Use step_through() to inspect data after each processing step:
from lerobot.processor import create_transition

# Create sample data
transition = create_transition(
    observation={"camera": image, "state": joint_positions},
    action=action_tensor,
)

# Step through pipeline
for i, intermediate_transition in enumerate(pipeline.step_through(transition)):
    print(f"\nAfter step {i}:")
    
    if i == 0:
        print("  Initial state")
    else:
        step = pipeline.steps[i - 1]
        print(f"  Step: {step.__class__.__name__}")
    
    # Inspect observation
    obs = intermediate_transition.get('observation')
    if obs:
        for key, value in obs.items():
            if isinstance(value, torch.Tensor):
                print(f"  {key}: shape={value.shape}, dtype={value.dtype}, device={value.device}")
    
    # Inspect action
    action = intermediate_transition.get('action')
    if isinstance(action, torch.Tensor):
        print(f"  action: shape={action.shape}, dtype={action.dtype}, device={action.device}")
Example output:
After step 0:
  Initial state
  camera: shape=(480, 640, 3), dtype=torch.uint8, device=cpu
  state: shape=(7,), dtype=torch.float32, device=cpu
  action: shape=(7,), dtype=torch.float32, device=cpu

After step 1:
  Step: DeviceProcessorStep
  camera: shape=(480, 640, 3), dtype=torch.uint8, device=cuda:0
  state: shape=(7,), dtype=torch.float32, device=cuda:0
  action: shape=(7,), dtype=torch.float32, device=cuda:0

After step 2:
  Step: NormalizerProcessorStep
  camera: shape=(480, 640, 3), dtype=torch.float32, device=cuda:0  # Normalized to [0,1]
  state: shape=(7,), dtype=torch.float32, device=cuda:0  # Normalized by stats
  action: shape=(7,), dtype=torch.float32, device=cuda:0  # Normalized by stats

Custom Hooks

Add hooks to inspect or modify data at specific pipeline stages:
def before_step_hook(step_idx: int, transition: dict):
    """Called before each step"""
    step_name = pipeline.steps[step_idx].__class__.__name__
    print(f"\n→ Before {step_name}")
    
    # Check for NaN values
    for key, value in transition.items():
        if isinstance(value, dict):
            for k, v in value.items():
                if isinstance(v, torch.Tensor) and torch.isnan(v).any():
                    print(f"  ⚠️ NaN detected in {key}.{k}")

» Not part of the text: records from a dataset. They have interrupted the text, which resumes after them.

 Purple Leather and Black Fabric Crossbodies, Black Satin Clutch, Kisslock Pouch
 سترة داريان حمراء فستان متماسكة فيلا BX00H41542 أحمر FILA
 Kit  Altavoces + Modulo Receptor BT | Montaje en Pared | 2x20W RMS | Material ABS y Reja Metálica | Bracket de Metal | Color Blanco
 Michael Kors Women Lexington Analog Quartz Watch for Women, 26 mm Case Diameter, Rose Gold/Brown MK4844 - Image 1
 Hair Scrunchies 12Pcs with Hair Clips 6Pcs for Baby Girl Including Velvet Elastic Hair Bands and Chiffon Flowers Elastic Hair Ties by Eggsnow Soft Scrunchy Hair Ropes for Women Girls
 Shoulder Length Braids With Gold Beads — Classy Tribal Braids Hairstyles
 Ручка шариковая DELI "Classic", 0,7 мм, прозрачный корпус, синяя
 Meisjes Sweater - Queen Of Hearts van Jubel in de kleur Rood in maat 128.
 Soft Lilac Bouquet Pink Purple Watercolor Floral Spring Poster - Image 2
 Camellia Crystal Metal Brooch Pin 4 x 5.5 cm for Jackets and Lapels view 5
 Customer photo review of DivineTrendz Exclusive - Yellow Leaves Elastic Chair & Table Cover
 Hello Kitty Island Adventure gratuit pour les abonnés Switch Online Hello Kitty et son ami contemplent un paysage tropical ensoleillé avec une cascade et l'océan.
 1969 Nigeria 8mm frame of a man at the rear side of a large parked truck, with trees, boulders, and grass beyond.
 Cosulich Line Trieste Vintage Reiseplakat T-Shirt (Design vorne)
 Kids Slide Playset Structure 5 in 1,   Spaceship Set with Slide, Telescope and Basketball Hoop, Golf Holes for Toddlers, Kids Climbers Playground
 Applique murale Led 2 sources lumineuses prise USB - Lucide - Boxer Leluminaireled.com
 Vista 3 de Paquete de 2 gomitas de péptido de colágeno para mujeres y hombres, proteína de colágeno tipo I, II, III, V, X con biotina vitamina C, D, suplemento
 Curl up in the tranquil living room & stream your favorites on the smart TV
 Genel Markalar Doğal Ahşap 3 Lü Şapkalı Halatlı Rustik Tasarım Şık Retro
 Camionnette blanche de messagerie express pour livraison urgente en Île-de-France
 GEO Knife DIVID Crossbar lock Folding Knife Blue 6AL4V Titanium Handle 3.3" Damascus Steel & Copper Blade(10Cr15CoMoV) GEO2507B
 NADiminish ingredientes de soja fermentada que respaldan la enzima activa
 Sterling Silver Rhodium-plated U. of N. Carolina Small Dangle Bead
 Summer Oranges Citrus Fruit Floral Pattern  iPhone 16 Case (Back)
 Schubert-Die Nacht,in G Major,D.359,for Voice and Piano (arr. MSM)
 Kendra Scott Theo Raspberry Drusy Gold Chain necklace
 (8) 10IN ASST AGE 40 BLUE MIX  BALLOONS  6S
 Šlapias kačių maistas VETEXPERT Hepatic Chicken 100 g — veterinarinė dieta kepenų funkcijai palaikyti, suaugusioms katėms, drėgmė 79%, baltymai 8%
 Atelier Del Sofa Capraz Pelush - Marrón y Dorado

def after_step_hook(step_idx: int, transition: dict):
    """Called after each step"""
    step_name = pipeline.steps[step_idx].__class__.__name__
    print(f"← After {step_name}")
    
    # Log statistics
    action = transition.get('action')
    if isinstance(action, torch.Tensor):
        print(f"  Action stats: mean={action.mean():.4f}, std={action.std():.4f}")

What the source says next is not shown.